Tuesday, September 6, 2011
Part of why we moved out here to the mountains was to give our sons actual experiences. I wanted to create monumental events that would burn into their brains, leaving them forever changed. Hiking mountains. Punching Black Bears. Shooting Native Americans.
The reality is we still live in a city and I work a job that takes me away from my family for days and weeks at a time. And the epic, live changing events I imaged are harder to come by when one member of the family needs to sleep 2-4 hours during the day. We’ve spent more time at the Denver city zoo than any mountain. By far. I’m not sure if that bothers me or not. It’s just not what I planned.
I found myself rolling these thoughts around in my head while I was driving Elijah home from King Soopers Saturday afternoon. The radio was on and Garrison Keillor was recounting the days before ipods and Facebook, when a great afternoon meant standing on your dad’s lap, steering the car while he drank a beer.
I suddenly remembered Saturday afternoons with my dad when he would take us out driving in the country. I don’t recall a beer in his hand, but I think he was smoking cigarettes at the time. But I remember steering his old beat up yellow car as one of the great moments of my childhood.
I immediately swerved off Alameda and into a massive church parking lot.
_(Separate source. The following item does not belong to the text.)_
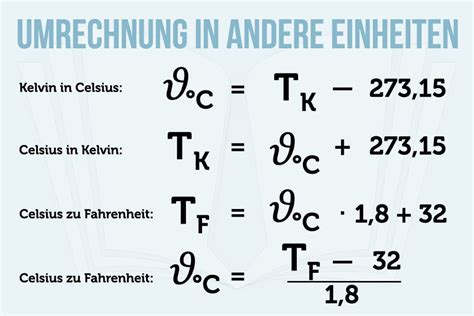 Temperatur In Physik Und Chemie Einfach Erkl Rt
I turned around to Eli, who was cramming Skittles into his face, a reward for not making my life miserable in King Soopers.
“Eli. How would you like to drive the car?” He looked at me like I was nuts.
“I’ll do the pedals and you steer the wheel. You can stand in my lap.”
His eyes lit up and he crawled across the front seats. I suddenly had a powerful desire for a beer. Or a cigarette. And I let my foot off the brake and put the car into my 4 year old’s hands.
And for about ten minutes, I thought Eli was making an actual memory. I knew I was.
p.s. This photo of Luca’s butt has nothing to do with driving my car. But it is just as awesome.